April 14, 2009
UCLA Anderson Hosts Panel Discussion on Executive Compensation
Experts foresee government regulation and shareholder activism
By Paul Feinberg
Viewed through the prism of the current financial crisis, the excesses of executive compensation can now be seen in a new light. In a panel discussion titled "Executive Compensation: How Much Is Too Much?" convened in UCLA Anderson's Korn Convocation Center on April 14, 2009, the management school took its turn in addressing this issue in an entertaining and informative session.

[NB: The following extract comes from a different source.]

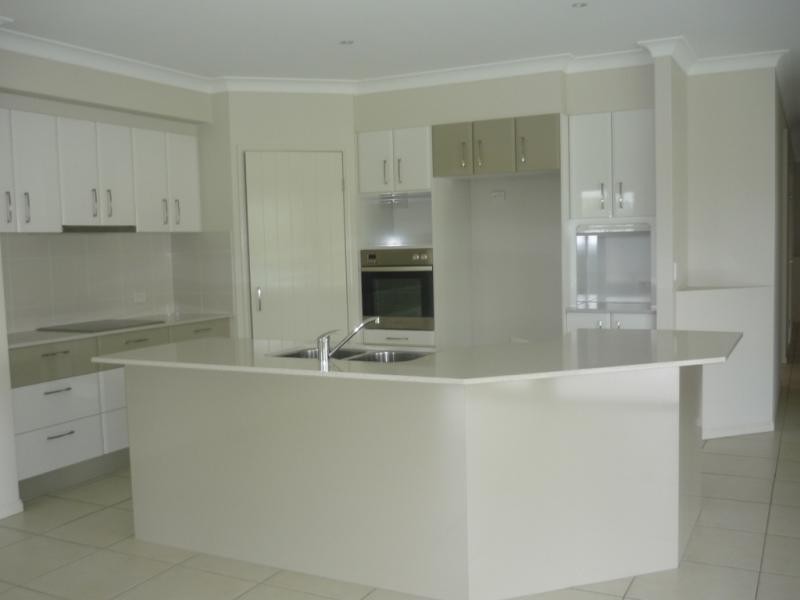 5 BUSH TREE COURT, Palmwoods QLD 4555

The session, moderated by UCLA Anderson's Dean Judy Olian, featured Robin Ferracone, founder and CEO of RAF Capital LLC and founder and executive chair of Farient Advisors; Jim Barrall, partner in the law firm Latham and Watkins and an expert in benefits and compensation; and Prof. David Lewin (MBA '67, Ph.D. '71), UCLA Anderson's Neil H. Jacoby Chair in Management. The panel covered a wide range of issues in sixty minutes, from the most outlandish executive perks to the types of legislation expected to come as a result of the recession and the subsequent attention Congress is paying to executive compensation issues.
The panel agreed for the most part that "alignment" or in the case of the current crises "misalignment" was a major part of the problem people have with executive compensation. Alignment is the concept that corporate performance is tied to executive compensation. In the recent past, executive compensation was all too often tied to short-term gains that appeared on a company's books for a quarter or two, but were not reflective of actual corporate gains or success."The alignment issue is key," Ferracone said. "Alignment is far more important than the magnitude of corporate salaries and benefits."
"Regulation is coming," Lewin said, noting that there has always been compensation regulation on the lower end of the pay scale in the form of minimum- and living-wage laws. "Executive compensation regulation is coming from the government, that's top down, and from shareholders, that's bottom up." The least likely place for regulation, Lewin believes, is in between, where compensation committees and boards of directors lie. Lewin believes that such entities are often too close to CEOs and that more diversity is needed on boards of directors as a result.
Barrall concurred with the idea that shareholders will play a larger role in executive compensation when all is said and done. "Shareholders will have (some) say on pay," Barrall said. "Shareholders will vote on the compensation of executives." But Barrall said - and Ferracone agreed - that tinkering with the tax code (as is being discussed and as has been done in the past) won't work.